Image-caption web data
———

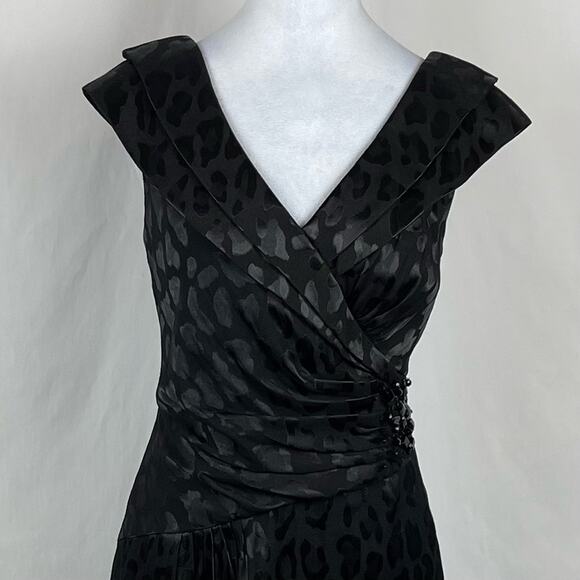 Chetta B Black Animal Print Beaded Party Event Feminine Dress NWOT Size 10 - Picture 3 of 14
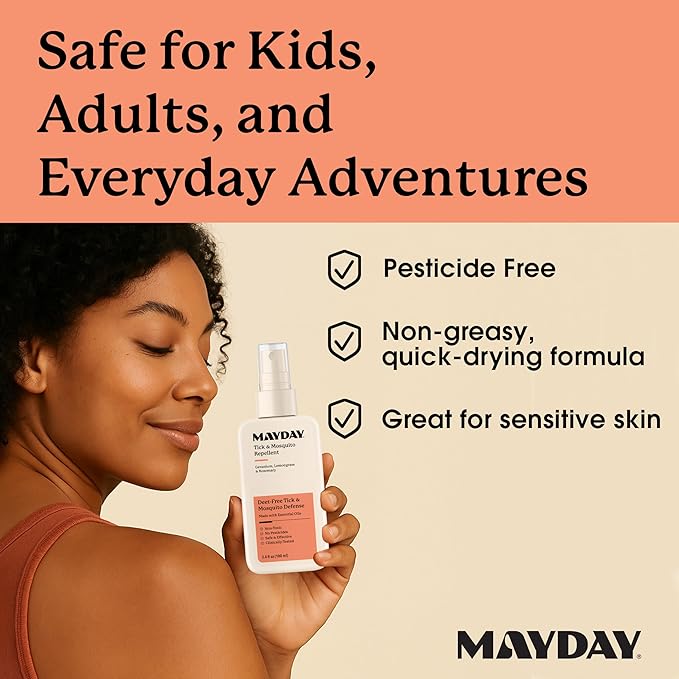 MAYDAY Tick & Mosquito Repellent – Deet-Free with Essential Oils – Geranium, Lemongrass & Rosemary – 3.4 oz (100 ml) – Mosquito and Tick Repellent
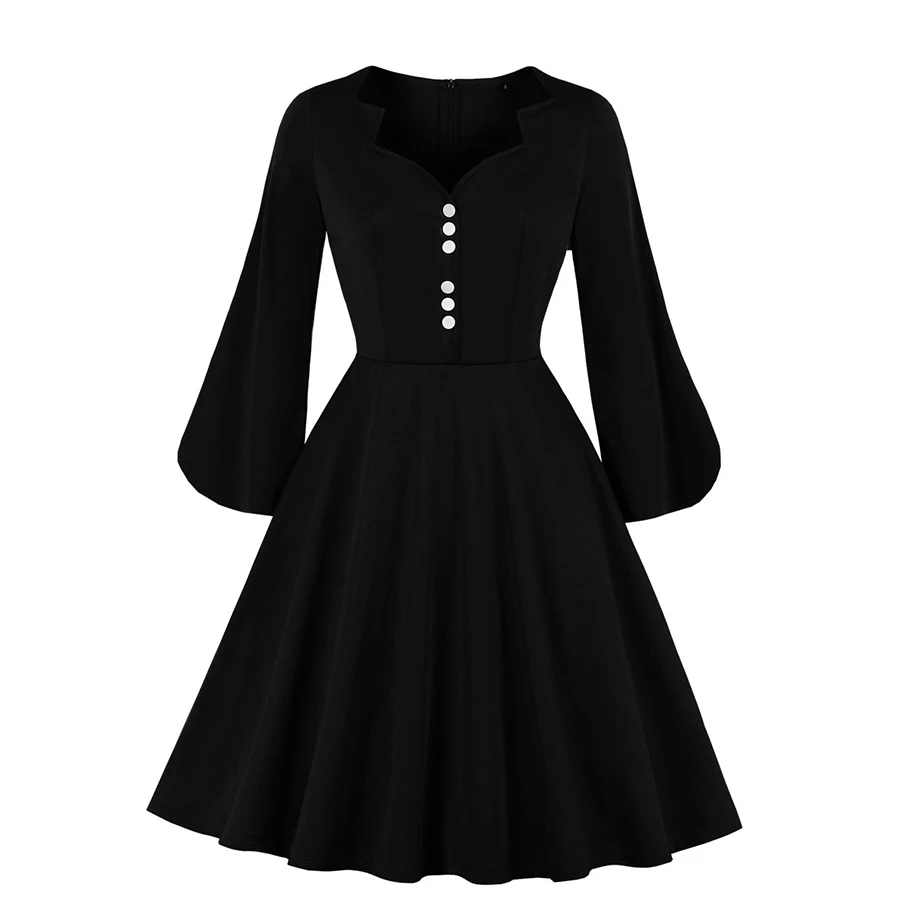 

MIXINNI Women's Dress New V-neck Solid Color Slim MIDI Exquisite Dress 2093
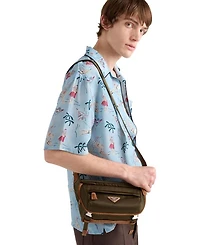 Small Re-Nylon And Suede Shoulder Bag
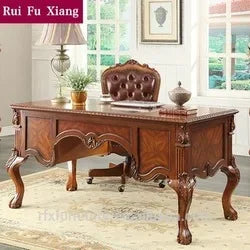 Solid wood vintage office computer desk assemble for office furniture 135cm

———

[EXERCISE]: Transcribe each line above verbatim, with the pictures left out.

[OUTPUT BELOW]:
 Chetta B Black Animal Print Beaded Party Event Feminine Dress NWOT Size 10 - Picture 3 of 14
 MAYDAY Tick & Mosquito Repellent – Deet-Free with Essential Oils – Geranium, Lemongrass & Rosemary – 3.4 oz (100 ml) – Mosquito and Tick Repellent

MIXINNI Women's Dress New V-neck Solid Color Slim MIDI Exquisite Dress 2093
 Small Re-Nylon And Suede Shoulder Bag
 Solid wood vintage office computer desk assemble for office furniture 135cm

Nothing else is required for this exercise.